Lidl is to stop selling single-use plastic bags from July next year in a step on from the Government’s 5p levy.
The German discounter will permanently remove the bags from sale across all stores in England, Scotland and Wales from July 1 to save an estimated 63 million plastic bags annually - the equivalent of 760 tons of plastic, it said.
It hopes the move will help to “strongly discourage consumers from a single use, throw-away mind-set”.
Lidl UK commercial director Ryan McDonnell said: “Our pledge to stop selling single-use carrier bags is all about promoting a more environmentally friendly alternative.

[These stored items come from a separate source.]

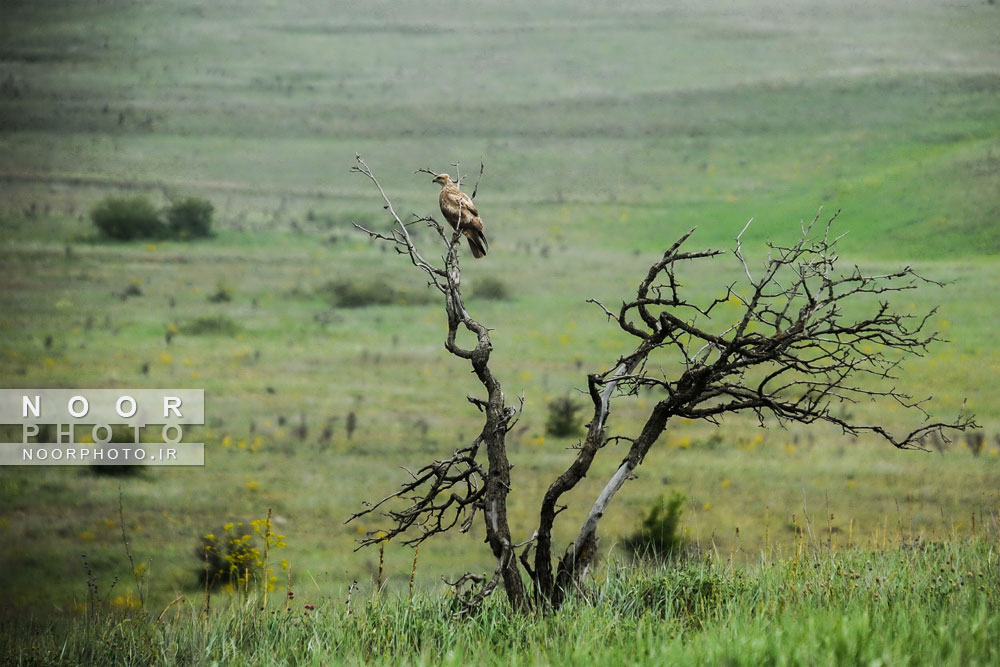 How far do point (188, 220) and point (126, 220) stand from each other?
217 cm

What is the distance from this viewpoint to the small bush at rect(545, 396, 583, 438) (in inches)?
726

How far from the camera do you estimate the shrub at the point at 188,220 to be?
3531 centimetres

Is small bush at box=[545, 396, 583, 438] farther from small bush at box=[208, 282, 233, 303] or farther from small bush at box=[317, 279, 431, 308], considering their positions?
small bush at box=[208, 282, 233, 303]

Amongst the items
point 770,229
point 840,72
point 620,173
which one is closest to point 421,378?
point 770,229

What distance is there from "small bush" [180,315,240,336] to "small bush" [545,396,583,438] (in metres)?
11.2

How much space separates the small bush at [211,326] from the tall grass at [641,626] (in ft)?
62.7

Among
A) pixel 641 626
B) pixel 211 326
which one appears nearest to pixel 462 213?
pixel 641 626

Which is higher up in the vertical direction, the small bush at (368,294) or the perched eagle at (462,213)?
the small bush at (368,294)

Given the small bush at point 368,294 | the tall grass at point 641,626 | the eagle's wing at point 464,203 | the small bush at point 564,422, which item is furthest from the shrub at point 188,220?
the eagle's wing at point 464,203

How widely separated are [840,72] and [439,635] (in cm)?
4487

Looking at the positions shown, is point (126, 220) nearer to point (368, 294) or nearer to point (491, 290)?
point (368, 294)

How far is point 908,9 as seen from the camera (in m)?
49.1

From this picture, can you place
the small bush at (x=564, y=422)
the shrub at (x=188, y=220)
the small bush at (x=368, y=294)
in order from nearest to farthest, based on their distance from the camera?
the small bush at (x=564, y=422) < the small bush at (x=368, y=294) < the shrub at (x=188, y=220)

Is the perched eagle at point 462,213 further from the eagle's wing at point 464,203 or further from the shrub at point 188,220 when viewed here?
the shrub at point 188,220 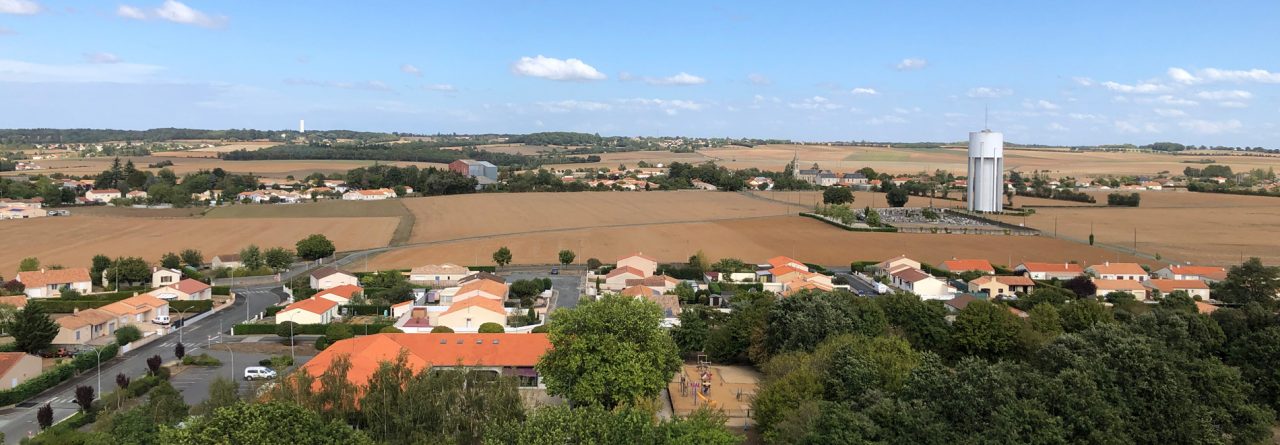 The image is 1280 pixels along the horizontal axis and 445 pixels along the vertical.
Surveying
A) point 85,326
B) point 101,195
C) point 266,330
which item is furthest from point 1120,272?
point 101,195

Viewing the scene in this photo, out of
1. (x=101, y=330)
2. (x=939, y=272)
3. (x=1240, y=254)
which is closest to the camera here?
(x=101, y=330)

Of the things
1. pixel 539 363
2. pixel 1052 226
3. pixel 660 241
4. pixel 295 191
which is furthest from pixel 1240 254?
pixel 295 191

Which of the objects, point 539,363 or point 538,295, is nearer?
point 539,363

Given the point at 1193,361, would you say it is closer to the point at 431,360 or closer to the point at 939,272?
the point at 431,360

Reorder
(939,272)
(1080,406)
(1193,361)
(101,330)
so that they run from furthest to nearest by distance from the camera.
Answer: (939,272)
(101,330)
(1193,361)
(1080,406)

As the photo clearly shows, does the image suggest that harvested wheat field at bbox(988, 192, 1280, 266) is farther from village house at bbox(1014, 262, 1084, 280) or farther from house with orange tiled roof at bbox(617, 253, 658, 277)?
house with orange tiled roof at bbox(617, 253, 658, 277)

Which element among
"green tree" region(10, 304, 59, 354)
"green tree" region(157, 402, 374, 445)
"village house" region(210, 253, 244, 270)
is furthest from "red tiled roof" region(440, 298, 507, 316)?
"village house" region(210, 253, 244, 270) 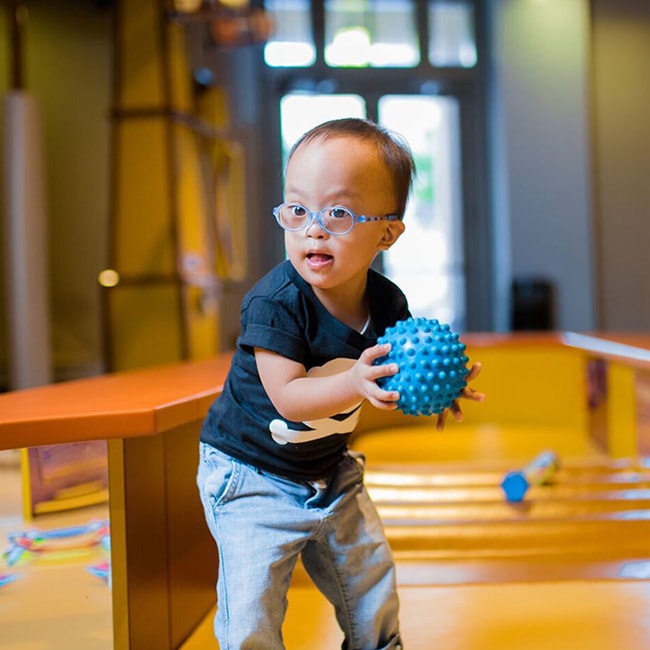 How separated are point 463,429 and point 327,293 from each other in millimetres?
2461

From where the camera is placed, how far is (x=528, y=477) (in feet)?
6.64

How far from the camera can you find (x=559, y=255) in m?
6.58

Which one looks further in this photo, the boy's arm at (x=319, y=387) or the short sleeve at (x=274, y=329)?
the short sleeve at (x=274, y=329)

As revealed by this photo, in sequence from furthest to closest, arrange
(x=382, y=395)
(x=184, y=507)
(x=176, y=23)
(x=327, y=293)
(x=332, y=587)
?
(x=176, y=23) → (x=184, y=507) → (x=332, y=587) → (x=327, y=293) → (x=382, y=395)

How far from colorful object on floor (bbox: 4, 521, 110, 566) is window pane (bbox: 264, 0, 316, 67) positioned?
19.5ft

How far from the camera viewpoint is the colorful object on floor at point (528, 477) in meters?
1.94

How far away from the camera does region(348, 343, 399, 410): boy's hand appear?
86cm

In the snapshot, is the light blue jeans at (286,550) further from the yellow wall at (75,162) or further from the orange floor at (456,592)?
the yellow wall at (75,162)

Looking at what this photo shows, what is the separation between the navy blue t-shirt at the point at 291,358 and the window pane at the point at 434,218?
18.9 feet

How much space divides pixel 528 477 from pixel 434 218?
5.10m

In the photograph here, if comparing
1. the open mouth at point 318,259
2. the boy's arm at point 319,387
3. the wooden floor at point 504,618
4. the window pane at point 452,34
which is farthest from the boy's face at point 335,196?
the window pane at point 452,34

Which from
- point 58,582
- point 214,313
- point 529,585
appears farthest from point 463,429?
point 58,582

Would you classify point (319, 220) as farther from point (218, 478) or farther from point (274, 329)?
point (218, 478)

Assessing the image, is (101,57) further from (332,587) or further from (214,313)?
(332,587) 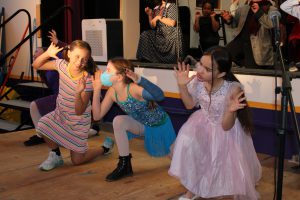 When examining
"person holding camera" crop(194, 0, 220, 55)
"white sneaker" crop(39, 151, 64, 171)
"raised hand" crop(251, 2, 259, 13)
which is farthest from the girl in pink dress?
"person holding camera" crop(194, 0, 220, 55)

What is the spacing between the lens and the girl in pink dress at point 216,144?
3105 mm

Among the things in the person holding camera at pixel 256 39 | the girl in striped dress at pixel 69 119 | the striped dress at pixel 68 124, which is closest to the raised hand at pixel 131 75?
the girl in striped dress at pixel 69 119

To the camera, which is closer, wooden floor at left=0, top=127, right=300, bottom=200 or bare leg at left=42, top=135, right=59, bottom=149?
wooden floor at left=0, top=127, right=300, bottom=200

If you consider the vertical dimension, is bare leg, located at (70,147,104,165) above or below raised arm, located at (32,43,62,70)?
below

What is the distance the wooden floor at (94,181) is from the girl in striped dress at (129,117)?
20 centimetres

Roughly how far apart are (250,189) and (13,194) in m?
1.74

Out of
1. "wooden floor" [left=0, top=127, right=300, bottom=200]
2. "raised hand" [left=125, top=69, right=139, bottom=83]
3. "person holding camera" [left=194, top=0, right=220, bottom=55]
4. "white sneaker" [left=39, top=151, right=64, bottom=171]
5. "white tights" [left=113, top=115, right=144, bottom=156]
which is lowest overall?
"wooden floor" [left=0, top=127, right=300, bottom=200]

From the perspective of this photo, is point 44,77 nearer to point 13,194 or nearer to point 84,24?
point 84,24

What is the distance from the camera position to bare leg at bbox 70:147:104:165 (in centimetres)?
413

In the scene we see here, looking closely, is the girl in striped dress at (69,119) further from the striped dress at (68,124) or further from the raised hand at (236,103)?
the raised hand at (236,103)

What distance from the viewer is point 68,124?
4.07 m

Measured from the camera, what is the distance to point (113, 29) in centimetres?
602

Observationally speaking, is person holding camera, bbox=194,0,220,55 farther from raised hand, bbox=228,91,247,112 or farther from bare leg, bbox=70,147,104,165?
raised hand, bbox=228,91,247,112

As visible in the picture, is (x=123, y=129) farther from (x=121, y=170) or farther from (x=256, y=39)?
(x=256, y=39) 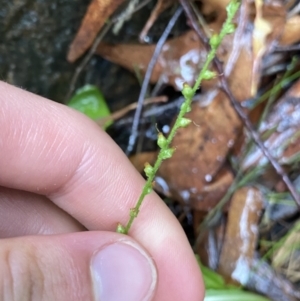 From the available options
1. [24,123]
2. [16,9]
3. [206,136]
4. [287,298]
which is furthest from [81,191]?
[287,298]

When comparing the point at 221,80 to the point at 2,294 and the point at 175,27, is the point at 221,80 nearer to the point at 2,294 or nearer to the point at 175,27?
the point at 175,27

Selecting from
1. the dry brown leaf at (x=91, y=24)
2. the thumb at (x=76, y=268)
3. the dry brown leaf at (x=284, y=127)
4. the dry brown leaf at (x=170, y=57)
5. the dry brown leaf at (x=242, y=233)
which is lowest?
the dry brown leaf at (x=242, y=233)

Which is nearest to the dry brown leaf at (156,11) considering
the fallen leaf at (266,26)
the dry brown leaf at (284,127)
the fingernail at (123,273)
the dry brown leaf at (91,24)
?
the dry brown leaf at (91,24)

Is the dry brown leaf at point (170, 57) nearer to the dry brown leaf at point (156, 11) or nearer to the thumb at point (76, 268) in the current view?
the dry brown leaf at point (156, 11)

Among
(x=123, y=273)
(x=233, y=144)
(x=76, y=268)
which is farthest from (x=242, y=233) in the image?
(x=76, y=268)

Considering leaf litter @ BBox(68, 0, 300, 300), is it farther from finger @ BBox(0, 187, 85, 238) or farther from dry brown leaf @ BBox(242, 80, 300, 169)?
finger @ BBox(0, 187, 85, 238)

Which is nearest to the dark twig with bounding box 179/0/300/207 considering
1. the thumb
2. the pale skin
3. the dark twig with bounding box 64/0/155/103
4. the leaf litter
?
the leaf litter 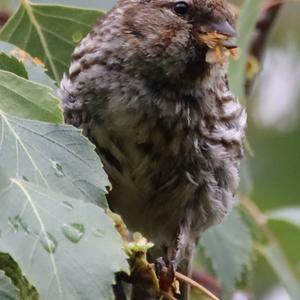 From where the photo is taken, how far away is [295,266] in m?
4.00

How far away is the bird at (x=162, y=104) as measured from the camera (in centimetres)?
291

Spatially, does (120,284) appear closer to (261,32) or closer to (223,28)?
(223,28)

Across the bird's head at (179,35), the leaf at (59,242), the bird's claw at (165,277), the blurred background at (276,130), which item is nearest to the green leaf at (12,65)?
the leaf at (59,242)

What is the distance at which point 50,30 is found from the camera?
9.27 feet

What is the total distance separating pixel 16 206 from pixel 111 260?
190mm

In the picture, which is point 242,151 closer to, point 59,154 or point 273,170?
point 59,154

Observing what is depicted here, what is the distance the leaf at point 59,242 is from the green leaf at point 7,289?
0.03 metres

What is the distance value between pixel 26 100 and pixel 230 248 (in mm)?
1365

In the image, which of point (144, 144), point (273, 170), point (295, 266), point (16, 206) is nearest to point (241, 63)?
point (144, 144)

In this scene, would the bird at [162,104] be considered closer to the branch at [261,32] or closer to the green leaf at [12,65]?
the green leaf at [12,65]

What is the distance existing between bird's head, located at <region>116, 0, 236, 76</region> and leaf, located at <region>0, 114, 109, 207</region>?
30.7 inches

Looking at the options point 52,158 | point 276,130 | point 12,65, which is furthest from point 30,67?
point 276,130

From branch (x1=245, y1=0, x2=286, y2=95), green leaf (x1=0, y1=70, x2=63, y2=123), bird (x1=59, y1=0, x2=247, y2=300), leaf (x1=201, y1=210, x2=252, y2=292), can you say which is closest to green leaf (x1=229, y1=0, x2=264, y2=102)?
bird (x1=59, y1=0, x2=247, y2=300)

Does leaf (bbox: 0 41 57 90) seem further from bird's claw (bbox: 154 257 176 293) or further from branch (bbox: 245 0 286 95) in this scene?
branch (bbox: 245 0 286 95) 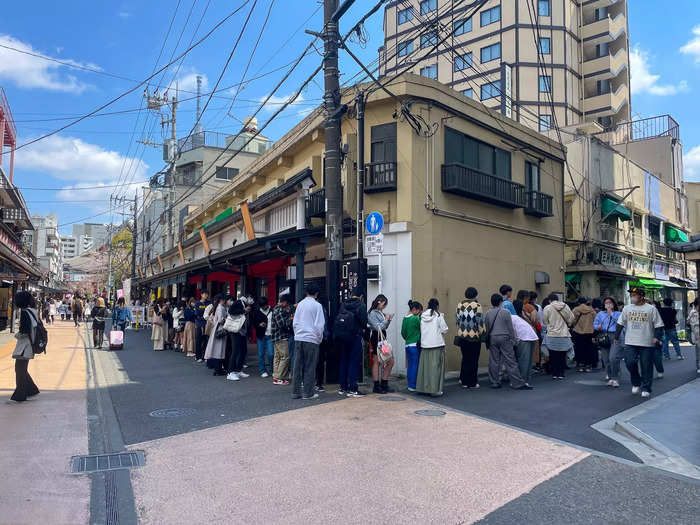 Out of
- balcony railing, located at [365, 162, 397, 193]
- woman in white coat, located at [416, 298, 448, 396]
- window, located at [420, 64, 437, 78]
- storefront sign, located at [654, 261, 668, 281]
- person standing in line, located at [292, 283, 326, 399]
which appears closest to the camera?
person standing in line, located at [292, 283, 326, 399]

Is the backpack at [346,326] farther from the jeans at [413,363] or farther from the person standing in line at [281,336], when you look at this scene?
the person standing in line at [281,336]

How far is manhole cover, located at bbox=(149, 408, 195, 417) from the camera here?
7.47 meters

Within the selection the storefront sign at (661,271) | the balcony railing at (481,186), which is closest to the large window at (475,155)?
the balcony railing at (481,186)

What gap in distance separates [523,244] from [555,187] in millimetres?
3519

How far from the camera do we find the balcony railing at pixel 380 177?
39.4ft

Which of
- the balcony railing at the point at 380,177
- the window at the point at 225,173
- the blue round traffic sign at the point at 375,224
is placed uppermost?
the window at the point at 225,173

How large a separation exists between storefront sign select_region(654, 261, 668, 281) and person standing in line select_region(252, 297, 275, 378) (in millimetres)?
22540

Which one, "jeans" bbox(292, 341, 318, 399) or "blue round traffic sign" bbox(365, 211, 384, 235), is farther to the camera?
"blue round traffic sign" bbox(365, 211, 384, 235)

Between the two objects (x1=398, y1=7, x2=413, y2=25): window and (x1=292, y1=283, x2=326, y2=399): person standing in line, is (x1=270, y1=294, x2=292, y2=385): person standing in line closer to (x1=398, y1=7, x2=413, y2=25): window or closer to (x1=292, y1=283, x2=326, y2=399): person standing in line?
(x1=292, y1=283, x2=326, y2=399): person standing in line

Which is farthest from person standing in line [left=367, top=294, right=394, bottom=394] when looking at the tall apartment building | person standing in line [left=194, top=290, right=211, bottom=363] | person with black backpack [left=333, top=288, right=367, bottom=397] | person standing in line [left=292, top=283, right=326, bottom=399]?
the tall apartment building

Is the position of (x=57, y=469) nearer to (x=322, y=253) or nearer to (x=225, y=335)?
(x=225, y=335)

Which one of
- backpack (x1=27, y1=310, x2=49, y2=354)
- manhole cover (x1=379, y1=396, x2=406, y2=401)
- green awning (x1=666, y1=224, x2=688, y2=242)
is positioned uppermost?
green awning (x1=666, y1=224, x2=688, y2=242)

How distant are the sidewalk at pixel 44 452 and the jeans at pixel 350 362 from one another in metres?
4.16

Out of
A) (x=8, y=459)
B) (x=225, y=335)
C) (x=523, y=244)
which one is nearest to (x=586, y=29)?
(x=523, y=244) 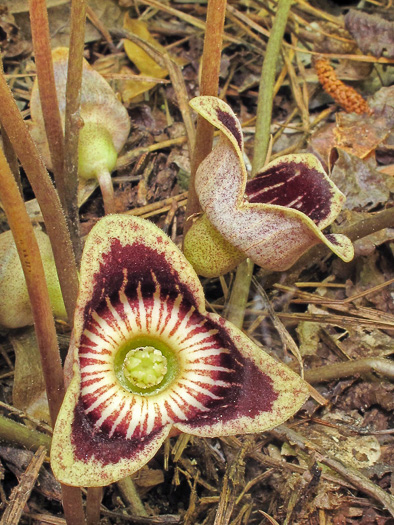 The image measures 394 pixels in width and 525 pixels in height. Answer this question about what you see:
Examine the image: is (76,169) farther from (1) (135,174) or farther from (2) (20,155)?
(2) (20,155)

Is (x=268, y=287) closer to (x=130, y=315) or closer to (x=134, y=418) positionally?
(x=130, y=315)

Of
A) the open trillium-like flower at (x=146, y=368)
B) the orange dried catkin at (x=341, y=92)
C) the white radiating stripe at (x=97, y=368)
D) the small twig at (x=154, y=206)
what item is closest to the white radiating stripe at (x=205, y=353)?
the open trillium-like flower at (x=146, y=368)

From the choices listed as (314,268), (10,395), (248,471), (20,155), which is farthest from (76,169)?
(248,471)

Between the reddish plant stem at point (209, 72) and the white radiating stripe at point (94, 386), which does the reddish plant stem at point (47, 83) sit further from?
the white radiating stripe at point (94, 386)

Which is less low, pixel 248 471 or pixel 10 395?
pixel 10 395

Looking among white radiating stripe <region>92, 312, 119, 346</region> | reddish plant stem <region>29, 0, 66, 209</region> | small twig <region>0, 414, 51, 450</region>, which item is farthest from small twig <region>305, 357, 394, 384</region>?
reddish plant stem <region>29, 0, 66, 209</region> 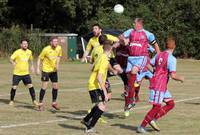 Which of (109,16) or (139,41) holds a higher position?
(109,16)

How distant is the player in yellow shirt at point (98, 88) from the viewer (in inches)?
448

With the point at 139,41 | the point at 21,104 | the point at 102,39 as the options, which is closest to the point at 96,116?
the point at 102,39

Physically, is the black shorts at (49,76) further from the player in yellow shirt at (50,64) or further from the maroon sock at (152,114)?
the maroon sock at (152,114)

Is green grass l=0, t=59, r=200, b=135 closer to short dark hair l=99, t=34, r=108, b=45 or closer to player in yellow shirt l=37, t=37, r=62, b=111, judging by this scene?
player in yellow shirt l=37, t=37, r=62, b=111

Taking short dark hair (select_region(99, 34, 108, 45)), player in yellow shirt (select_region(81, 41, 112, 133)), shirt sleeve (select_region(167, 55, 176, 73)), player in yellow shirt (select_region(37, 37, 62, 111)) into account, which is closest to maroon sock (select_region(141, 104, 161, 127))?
shirt sleeve (select_region(167, 55, 176, 73))

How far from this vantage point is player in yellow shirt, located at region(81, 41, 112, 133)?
1138 cm

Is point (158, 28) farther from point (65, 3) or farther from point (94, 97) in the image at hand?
point (94, 97)

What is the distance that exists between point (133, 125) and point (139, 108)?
3093 mm

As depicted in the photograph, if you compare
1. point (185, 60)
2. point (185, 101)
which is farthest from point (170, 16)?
point (185, 101)

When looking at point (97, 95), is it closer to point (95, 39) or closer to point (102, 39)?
point (102, 39)

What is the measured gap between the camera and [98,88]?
11.9 m

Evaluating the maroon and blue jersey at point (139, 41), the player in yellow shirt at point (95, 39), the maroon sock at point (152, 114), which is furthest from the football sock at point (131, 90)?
the maroon sock at point (152, 114)

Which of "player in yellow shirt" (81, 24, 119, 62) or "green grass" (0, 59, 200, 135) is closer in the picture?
"green grass" (0, 59, 200, 135)

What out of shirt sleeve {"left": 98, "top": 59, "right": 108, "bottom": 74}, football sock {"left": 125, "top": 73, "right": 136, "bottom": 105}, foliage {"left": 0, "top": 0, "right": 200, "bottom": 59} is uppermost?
foliage {"left": 0, "top": 0, "right": 200, "bottom": 59} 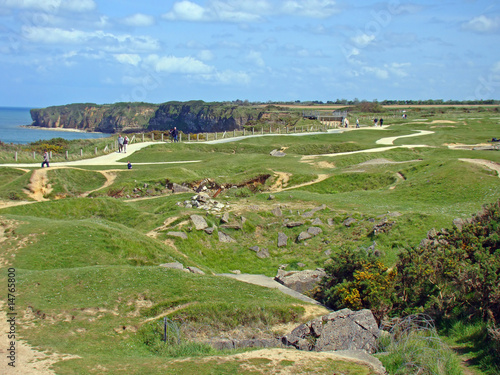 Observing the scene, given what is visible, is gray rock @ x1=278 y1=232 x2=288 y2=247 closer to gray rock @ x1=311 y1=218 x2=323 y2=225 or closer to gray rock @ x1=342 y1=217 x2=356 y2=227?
gray rock @ x1=311 y1=218 x2=323 y2=225

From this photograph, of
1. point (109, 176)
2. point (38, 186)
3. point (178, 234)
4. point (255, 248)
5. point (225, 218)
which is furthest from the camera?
point (109, 176)

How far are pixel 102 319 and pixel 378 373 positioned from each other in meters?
6.59

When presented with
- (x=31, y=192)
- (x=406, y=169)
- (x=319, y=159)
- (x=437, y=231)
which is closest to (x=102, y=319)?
(x=437, y=231)

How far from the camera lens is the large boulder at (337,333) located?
11391 mm

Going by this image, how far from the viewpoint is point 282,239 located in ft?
74.9

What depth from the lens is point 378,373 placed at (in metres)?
9.24

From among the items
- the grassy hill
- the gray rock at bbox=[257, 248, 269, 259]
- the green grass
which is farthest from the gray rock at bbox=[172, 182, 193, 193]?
the gray rock at bbox=[257, 248, 269, 259]

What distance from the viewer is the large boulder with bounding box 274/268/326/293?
17266 mm

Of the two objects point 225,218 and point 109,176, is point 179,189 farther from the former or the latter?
point 225,218

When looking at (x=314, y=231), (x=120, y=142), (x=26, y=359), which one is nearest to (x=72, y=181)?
(x=120, y=142)

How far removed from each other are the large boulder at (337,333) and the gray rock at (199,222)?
1137cm

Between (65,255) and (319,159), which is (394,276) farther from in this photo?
(319,159)

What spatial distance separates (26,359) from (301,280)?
10229mm

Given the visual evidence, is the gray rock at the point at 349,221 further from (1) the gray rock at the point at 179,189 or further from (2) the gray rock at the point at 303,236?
(1) the gray rock at the point at 179,189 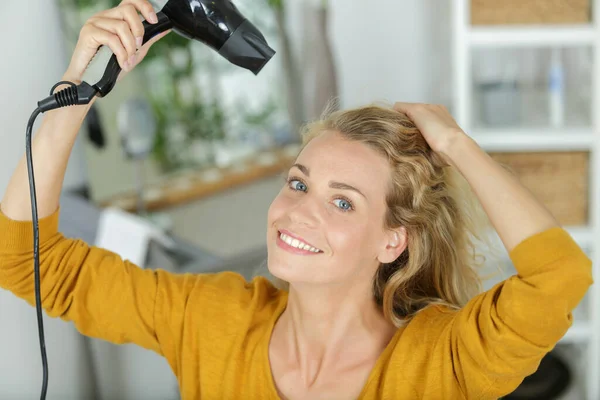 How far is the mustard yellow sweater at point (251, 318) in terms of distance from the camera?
40.0 inches

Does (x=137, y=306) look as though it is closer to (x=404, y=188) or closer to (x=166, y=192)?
(x=404, y=188)

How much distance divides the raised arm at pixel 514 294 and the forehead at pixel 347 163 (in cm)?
14

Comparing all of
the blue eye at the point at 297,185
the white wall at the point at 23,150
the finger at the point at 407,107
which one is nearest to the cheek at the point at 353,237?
the blue eye at the point at 297,185

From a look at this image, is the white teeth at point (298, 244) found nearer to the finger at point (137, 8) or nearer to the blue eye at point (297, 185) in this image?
the blue eye at point (297, 185)

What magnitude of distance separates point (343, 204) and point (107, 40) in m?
0.47

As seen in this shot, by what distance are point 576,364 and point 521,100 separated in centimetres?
99

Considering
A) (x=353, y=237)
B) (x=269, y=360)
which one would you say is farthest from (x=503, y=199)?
(x=269, y=360)

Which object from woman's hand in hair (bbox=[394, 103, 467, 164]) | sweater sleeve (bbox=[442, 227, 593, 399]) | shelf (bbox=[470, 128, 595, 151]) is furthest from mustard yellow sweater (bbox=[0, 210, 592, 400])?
shelf (bbox=[470, 128, 595, 151])

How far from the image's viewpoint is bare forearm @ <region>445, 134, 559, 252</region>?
104cm

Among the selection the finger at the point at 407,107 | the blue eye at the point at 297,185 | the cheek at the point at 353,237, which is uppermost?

“It will directly encourage shoppers to think about sustainability, and the role they can play in reducing unnecessary plastic waste.
“The levy introduced by the Government last year was an important start, and as a responsible retailer, we see it as our role to invest in a sustainable future and to bring our customers on that journey with us.”
More than seven billion of the bags were handed out by seven main retailers in 2014, but this figure dropped to just over half a billion in the first six months after the 5p charge was introduced in October last year, according to the latest figures from the Department for Environment, Food and Rural Affairs (Defra) said.
England was the last part of the UK to introduce the charge, part of a Government scheme to reduce litter and protect wildlife.
Retailers with 250 or more full-time equivalent employees have to charge a minimum of 5p for the bags they provide for shopping in stores and for deliveries, but smaller shops and paper bags are not included.